Une semaine après que l’Egypte a promis d’affecter à nouveau un ambassadeur en Israël – mettant fin à une interruption de trois ans -, des diplomates de premier plan des deux États se sont rencontrés dimanche au Caire pour discuter de l’impasse sur le front palestinien et des questions de sécurité auxquelles fait face la région.

Bien que les détails de l’entretien n’aient pas été rendus publics, le ministère israélien des Affaires étrangères a déclaré qu’il était « satisfait » de l’issue des discussions et que les deux pays « partagent un même point de vue » sur un certain nombre de questions, a rapporté le site d’information NRG.

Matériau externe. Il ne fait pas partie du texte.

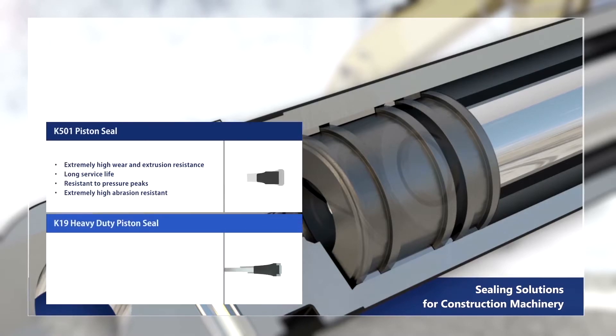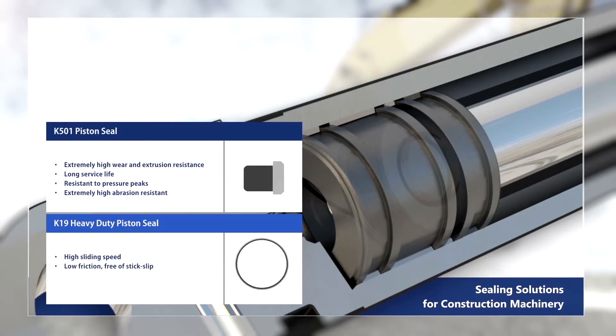Alternatively, the K19 heavy duty piston seal features high sliding speed, low friction, is free of stick-slip, and resistant to peak pressures.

Les diplomates israéliens ont déclaré être satisfaits par la volonté du Caire de maintenir une position ferme envers le Hamas, qui gouverne la bande de Gaza, en dépit de récentes informations faisant état d’un assouplissement des restrictions envers l’enclave palestinienne.

Le directeur général du ministère des Affaires étrangères, Dore Gold, et les diplomates égyptiens ont travaillé sur des sujets comme le programme nucléaire de l’Iran, la montée du fondamentalisme islamique au Moyen-Orient, la politique étrangère du Caire envers le Hamas et la relance éventuelle des pourparlers de paix avec les Palestiniens – c’est le premier sommet de ce genre entre les deux pays depuis quatre ans.

Le vice-ministre égyptien des Affaires étrangères, Osama al-Majdoub, a fait très clairement savoir à Gold que le Caire considérait l’impasse palestinienne comme « le cœur du conflit dans la région », et a souligné l’importance de la reprise des négociations à haut niveau entre Jérusalem et Ramallah, a déclaré le ministère égyptien des Affaires étrangères, selon l’agence Reuters.

« C’est le problème central des Arabes, et sa résolution est une condition essentielle pour atteindre la stabilité dans la région », a affirmé al-Majdoub.

Il a affirmé que la position de l’Egypte sur la question palestinienne restait « inchangée » et que des actions en faveur du processus de paix étaient « une priorité de l’ordre du jour » des discussions.

Les responsables israéliens ont noté que les récentes informations sur le retrait par l’Egypte du Hamas de la liste des organisations terroristes reflétaient une « tactique » plutôt qu’un changement dans la stratégie globale, et que les vues du Caire sur les développements régionaux étaient plus proches que prévu de celles d’Israël.

« En Israël, [nous] parlons hébreu, en Egypte [vous] parlez l’arabe, mais en discutant des défis régionaux, les deux pays parlent la même langue », a décalré Gold dit à ses hôtes égyptiens, selon NRG.

Hazem Khairat (Capture d'écran: YouTube)

Hazem Khairat (Capture d’écran: YouTube)

Les relations officielles entre Jérusalem et Le Caire ont été relativement cordiales depuis que le président Abdel Fattah el-Sissi a accédé au pouvoir. La semaine dernière, le Premier ministre Benjamin Netanyahu « a salué profondément » la nomination par l’Egypte de son nouvel ambassadeur en Israël, Hazem Khairat.

Le dernier ambassadeur du Caire en Israël, Atef Salem, est arrivé dans l’Etat juif en octobre 2012. Il a été rappelé peu de temps après, à la suite de l’opération Pilier de Défense à Gaza.

Dans l’agitation qui a suivi l’éviction du président des Frères musulmans d’Egypte, Mohamed Morsi, en juillet 2013, Israël a réduit son personnel diplomatique posté au Caire, mais a plus récemment commencé à reconstruire sa présence dans la ville, à la lumière du calme relatif.

Depuis qu’il a été affecté à son poste plus tôt ce mois-ci, Gold a également eu des entretiens importants avec des responsables turcs pour réparer les relations tendues entre les deux pays. Il a aussi participé à des réunions avec un général saoudien à la retraite.